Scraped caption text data
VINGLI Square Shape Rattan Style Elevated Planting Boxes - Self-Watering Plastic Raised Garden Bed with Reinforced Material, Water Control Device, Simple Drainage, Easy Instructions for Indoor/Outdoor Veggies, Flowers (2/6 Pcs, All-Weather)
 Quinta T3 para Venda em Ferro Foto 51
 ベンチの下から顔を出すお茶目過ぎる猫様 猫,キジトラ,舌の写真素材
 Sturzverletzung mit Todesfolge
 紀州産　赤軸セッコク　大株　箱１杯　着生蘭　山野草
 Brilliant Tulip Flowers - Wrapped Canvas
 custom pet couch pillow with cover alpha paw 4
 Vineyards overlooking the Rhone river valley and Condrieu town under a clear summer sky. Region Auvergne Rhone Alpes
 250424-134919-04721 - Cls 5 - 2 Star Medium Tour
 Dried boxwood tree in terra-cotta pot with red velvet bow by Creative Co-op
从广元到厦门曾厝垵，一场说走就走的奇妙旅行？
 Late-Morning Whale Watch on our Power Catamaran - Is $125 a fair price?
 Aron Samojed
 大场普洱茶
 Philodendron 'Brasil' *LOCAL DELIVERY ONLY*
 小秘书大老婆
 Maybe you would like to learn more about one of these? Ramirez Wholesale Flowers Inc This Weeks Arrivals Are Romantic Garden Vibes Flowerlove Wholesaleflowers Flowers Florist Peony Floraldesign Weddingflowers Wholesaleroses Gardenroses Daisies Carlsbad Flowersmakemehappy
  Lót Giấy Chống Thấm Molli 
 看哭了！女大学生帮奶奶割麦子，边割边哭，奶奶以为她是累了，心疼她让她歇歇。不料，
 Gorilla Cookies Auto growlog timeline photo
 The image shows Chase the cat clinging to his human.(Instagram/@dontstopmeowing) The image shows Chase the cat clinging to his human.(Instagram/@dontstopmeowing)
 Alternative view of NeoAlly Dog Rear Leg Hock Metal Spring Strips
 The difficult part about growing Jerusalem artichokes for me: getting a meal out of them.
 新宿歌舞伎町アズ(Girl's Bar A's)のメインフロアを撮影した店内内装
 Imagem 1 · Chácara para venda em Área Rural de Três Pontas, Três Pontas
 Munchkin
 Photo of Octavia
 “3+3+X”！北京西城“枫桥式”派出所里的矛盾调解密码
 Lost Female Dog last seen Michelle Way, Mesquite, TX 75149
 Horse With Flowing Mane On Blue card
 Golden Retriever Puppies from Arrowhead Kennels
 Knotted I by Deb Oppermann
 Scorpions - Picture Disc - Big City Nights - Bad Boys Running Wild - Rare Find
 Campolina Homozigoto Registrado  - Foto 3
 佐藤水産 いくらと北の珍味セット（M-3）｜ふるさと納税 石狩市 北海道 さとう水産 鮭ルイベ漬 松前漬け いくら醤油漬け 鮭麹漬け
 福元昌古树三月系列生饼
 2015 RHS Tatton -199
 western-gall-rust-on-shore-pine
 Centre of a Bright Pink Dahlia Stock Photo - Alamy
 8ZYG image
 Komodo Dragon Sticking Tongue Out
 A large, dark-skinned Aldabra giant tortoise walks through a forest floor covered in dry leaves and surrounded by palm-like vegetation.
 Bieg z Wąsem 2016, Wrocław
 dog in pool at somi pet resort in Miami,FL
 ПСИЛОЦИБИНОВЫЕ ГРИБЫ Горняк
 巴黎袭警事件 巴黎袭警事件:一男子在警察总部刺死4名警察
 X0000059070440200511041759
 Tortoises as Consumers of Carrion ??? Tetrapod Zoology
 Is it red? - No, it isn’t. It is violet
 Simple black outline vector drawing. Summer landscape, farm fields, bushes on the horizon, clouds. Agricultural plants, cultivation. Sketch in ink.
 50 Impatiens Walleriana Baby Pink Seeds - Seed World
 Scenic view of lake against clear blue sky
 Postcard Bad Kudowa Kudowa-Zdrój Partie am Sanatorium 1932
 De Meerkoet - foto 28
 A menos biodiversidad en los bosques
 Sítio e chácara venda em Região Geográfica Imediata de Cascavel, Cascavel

Problem to solve: Please state how many lines of the data hold the string "para", with nothing else in your reply.

Response to this task: 2